Task inputs:
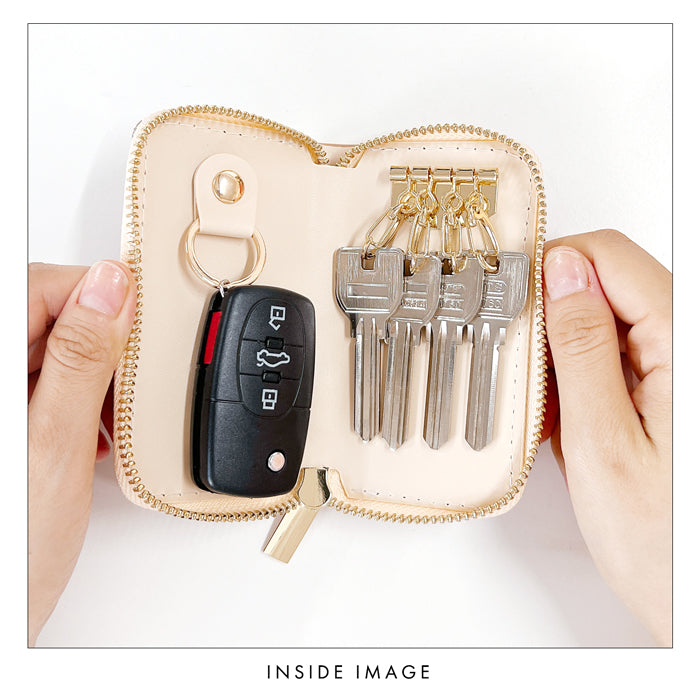 【Leo&Aoi公式ショップ】 牛革 ちょっと上品な ステンドグラス ラウンド型キーケース 4連 本革 レディース スマートキー レザー 鍵入れ 鍵 カギ 収納 スリム コンパクト キーホルダー キーケース エナメル加工 日本製 【安心の返品保証付き】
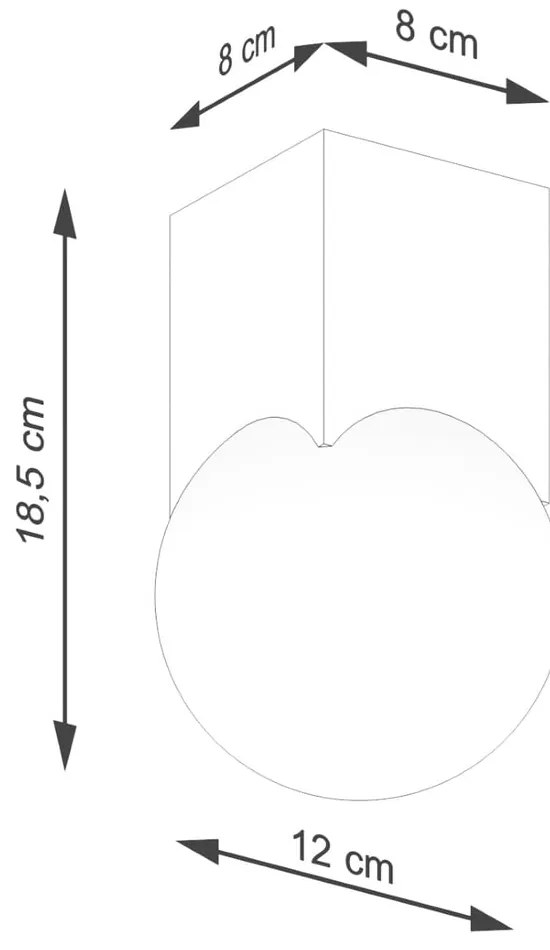 Stropné svietidlo v prírodnej farbe so skleneným tienidlom 12x12 cm Rayer – Sollux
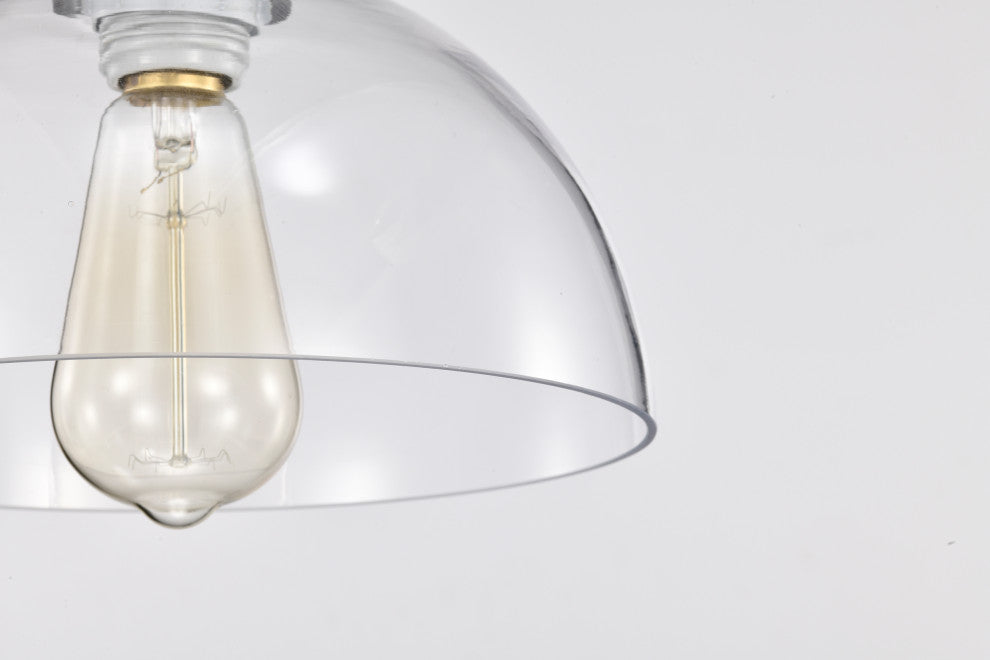 1-Light Black Farmhouse Pendant With Clear Dome Glass Shade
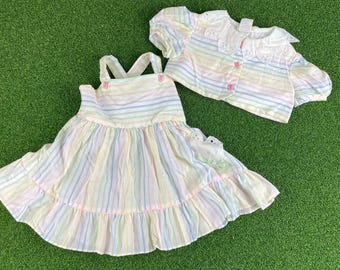 True Vintage 60s BabyTogs Pastel Striped Spring Tulip Button 2pc Dress Set Sz 2T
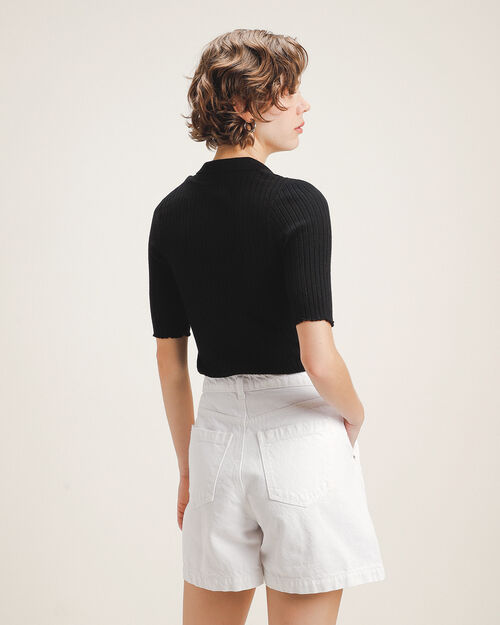 Polo Negra Manga Corta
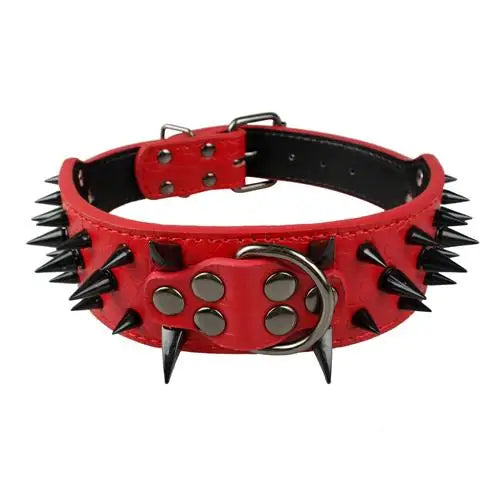 Breites Leder-Hundehalsband (5,1 cm) mit Spikes – Verstellbar für Pitbull, Bulldogge & Boxer - Animalivo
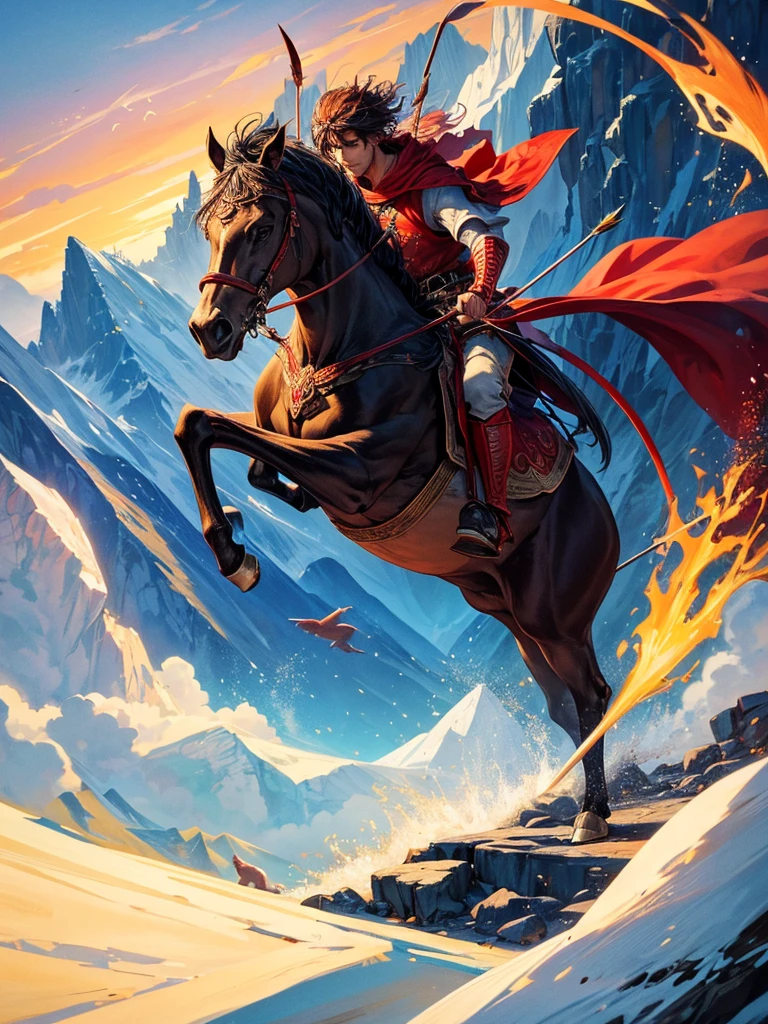 Make the most beautiful picture that you can, whatever you want to make, make it a beautiful landscape, make it very beautiful, add some animals, add a warrior in the background, it is of medieval times, he's holding a big red sword, has bow and arrows on his back and is wearing cool clothes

Work required: The result should be every line of the data, reproduced exactly, with the images removed.

Task result:
 【Leo&Aoi公式ショップ】 牛革 ちょっと上品な ステンドグラス ラウンド型キーケース 4連 本革 レディース スマートキー レザー 鍵入れ 鍵 カギ 収納 スリム コンパクト キーホルダー キーケース エナメル加工 日本製 【安心の返品保証付き】
 Stropné svietidlo v prírodnej farbe so skleneným tienidlom 12x12 cm Rayer – Sollux
 1-Light Black Farmhouse Pendant With Clear Dome Glass Shade
 True Vintage 60s BabyTogs Pastel Striped Spring Tulip Button 2pc Dress Set Sz 2T
 Polo Negra Manga Corta
 Breites Leder-Hundehalsband (5,1 cm) mit Spikes – Verstellbar für Pitbull, Bulldogge & Boxer - Animalivo
 Make the most beautiful picture that you can, whatever you want to make, make it a beautiful landscape, make it very beautiful, add some animals, add a warrior in the background, it is of medieval times, he's holding a big red sword, has bow and arrows on his back and is wearing cool clothes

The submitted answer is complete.